Ce n’est pas un monde de bisounours que je vous propose là. Aucune complaisance, ni à notre égard ni à celui des autres. Je garde mon droit entier à la contradiction. S’intéresser à ce que fait l’autre ne signifie pas l’approuver, mais simplement comprendre avant de promouvoir ses propres arguments. Respecter ne signifie pas adhérer et le respect doit aussi être réciproque. On se déchausse quand on rentre dans un lieu public, sacré ou non, en Inde. Chez nous, personne ne fume dans la maison. Les comportements haineux et racistes ne sont pas les bienvenus. « Il n’y a pas d’étrangers ici, simplement des amis que vous n’avez pas encore rencontrés » (citation du poète anglais William Butler Yeats). Une maxime que je verrais bien affichée en dessus de notre porte, si on ne se méfiait pas autant des maximes !
Tout cela ne touche pas qu’au culturel, mais s’étend largement à la politique et à l’économie. Je rêve d’un internationalisme plein de curiosité et de sensualité plutôt que d’une mondialisation absurde et ravageuse. Je veux bien consommer local plutôt que de faire venir les articles dont j’ai besoin des antipodes. Mais je sais aussi que Barcelone, Milan, ou Francfort sont moins éloignées de chez moi ou à la même distance que Brest ou Lille. Le « près de chez moi » n’a donc rien à voir avec le tracé d’une quelconque frontière. Beaucoup de luttes en cours (no TAV, déchets nucléaires, licenciements…, pour n’en citer que quelques-unes) n’ont que faire des traits pointillés sur les cartes de géographie. Je ne fais pas partie de ceux qui pensent que le coq « cocorico » est meilleur que le poulet « kikiriki ». Les éleveurs savent aussi bien distribuer les antibiotiques à leurs animaux sur un versant des Alpes et sur l’autre. La question du « local » est aussi une question éthique et le concept du « zéro kilomètre » doit être tempéré par quelques considérations sociales ! J’accepte une majoration des coûts à cause de mes choix de consommation, sous réserve que l’argent supplémentaire que j’accepte de dépenser aille bien dans la poche du producteur ou du fabricant et non dans celle d’un intermédiaire peu scrupuleux.
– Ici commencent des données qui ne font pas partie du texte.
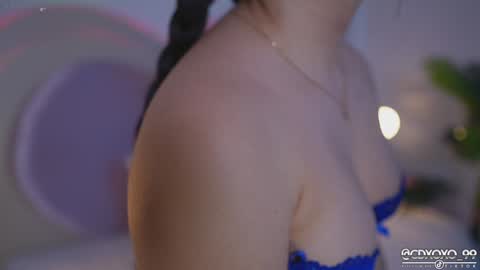 Snapshot of danii_xoxo chatting on December 11, 2024, 10:27 pm online show from December 11, 2024, 10:27 pm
Je ne manque de rien mais je ne suis pas particulièrement fortuné non plus pour faire ces choix-là. Je préfère simplement réduire la quantité et favoriser la qualité (dans le sens le plus élargi du terme).
Quand l’échange peut échapper aux règles monétaires traditionnelles c’est encore mieux. Nous participons à un S.E.L. (Système d’Echange Local) à titre expérimental cette année. Il est trop tôt pour tirer nos premières conclusions, mais là encore les horizons s’affranchissent de certaines limites.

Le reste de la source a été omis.